Consulting firm, Milliman, recently analyzed commercial insurance claims for 21 million people and determined that employers and commercial insurers spend meager amounts of money on behavioral health treatments, even though people with behavioral health conditions tend to have higher healthcare costs from other medical conditions.

Is this a causality dilemma also known as the ‘chicken or the egg?’ Which comes first, the behavioral health condition(s) or other non-behavioral medical condition(s)?

At least with the Milliman study, there appears to be little consensus.

A key finding from the Milliman report was that 27 percent of the people who had a behavioral health condition (e.g. anxiety, depression or a substance use disorder) in addition to other medical problems accounted for 57 percent of the total annual healthcare costs across the entire study population. In other words, the annual costs for people who had a behavioral health condition were about 3.5 times higher than costs for people WITHOUT those conditions.

Under this context, it was determined that spending on behavioral health treatment was a mere fraction (4.4 percent) of total healthcare costs for the 21 million people. In fact, half of people with behavioral health issues had less than $68 of total annual costs for behavioral health treatment. Another 25 percent of behavioral patients had very limited spending on behavioral treatment, amounting to $68 and $502 per year.

The study’s findings may suggest that to reduce total healthcare costs, payers must ensure that people with behavioral health conditions receive appropriate treatment. Oftentimes, behavioral conditions exacerbate medical conditions, causing the cost for medical conditions to increase much greater than for those without behavioral conditions. Effectively coordinating treatment for those who have both behavioral and medical conditions may significantly help reduce the overall costs.

Most health insurers include behavioral health as a covered benefit, but according to a 2019 study by the Congressional Budget Office, commercial insurers and Medicare Advantage plans pay in-network behavioral health providers lower rates than Medicare – about 13 percent less for common mental health services. Because of this, behavioral health providers are inclined to stay out-of-network, making treatment more expensive for insured patients, who may forgo seeking appropriate care. A shortage of behavioral providers certainly contributes to the problem, but telehealth can help increase the availability of care.

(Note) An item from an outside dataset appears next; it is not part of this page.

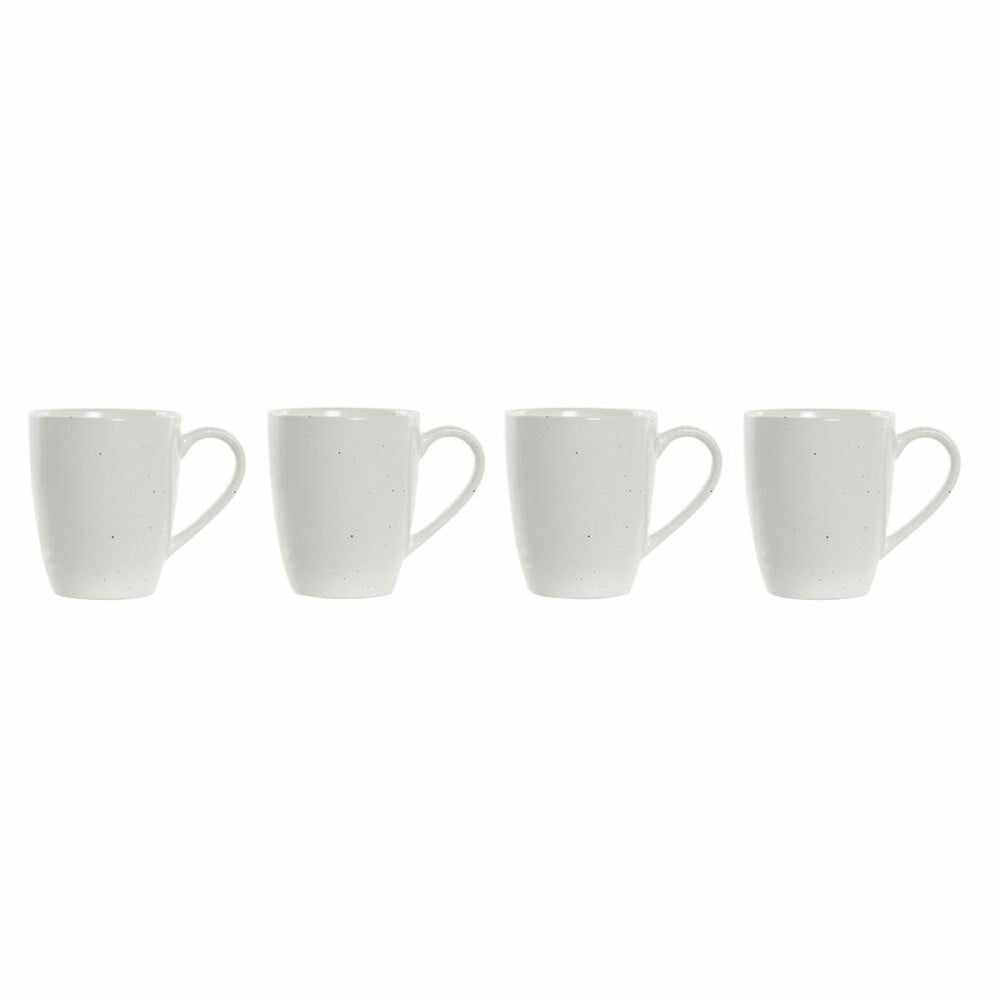 4 Piece Mug Set DKD Home Decor White Natural Rubber wood Stoneware 300 ml 19 x 13 x 31 cm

It certainly does not help that, due to the pandemic, more employees are working remotely making it difficult to gauge their behavioral needs and deficiencies.

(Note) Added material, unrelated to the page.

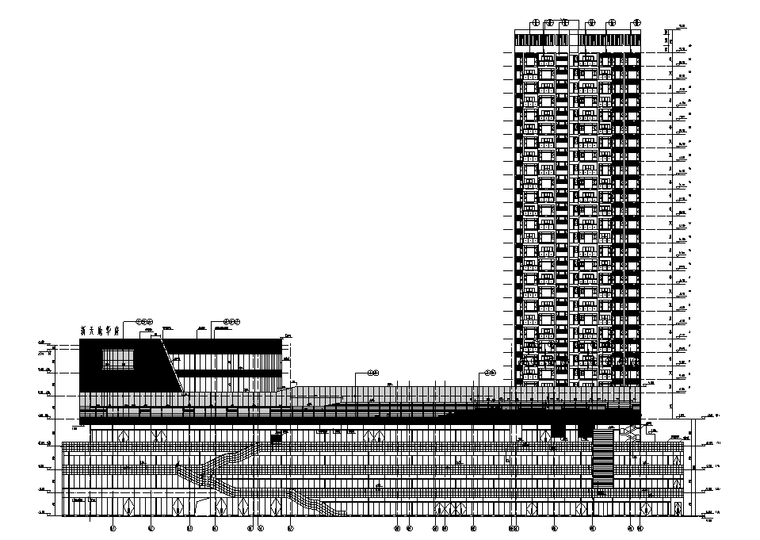 部分框支剪力墙商住楼建筑结构施工图(2016)-建筑立面图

This study was commissioned by The Path Forward for Mental Health and Substance Use and funded by the Mental Health Treatment and Research Institute LLC. The National Alliance of Healthcare Purchaser Coalitions was one of the groups that launched the Path Forward initiative, and you can learn more about this study here.

Going Forward

Employers should work with their insurers and community health providers to explore new ways for employees and their family members with behavioral conditions to receive the most appropriate care from the provider community.  Perhaps consider using the collaborative care model in which primary care clinicians work closely with care managers and psychiatric consultants to care for patients and to monitor their progress over time.

Making your workplace less stressful can include keeping your lines of communication open.  Perhaps offer ‘lunch and learn’ sessions to talk about how to manage work tasks effectively, help set boundaries to separate work from family life, and develop an overall culture of wellbeing for all employees.

Carefully bridging the gap between mental and physical health is certainly worth the effort.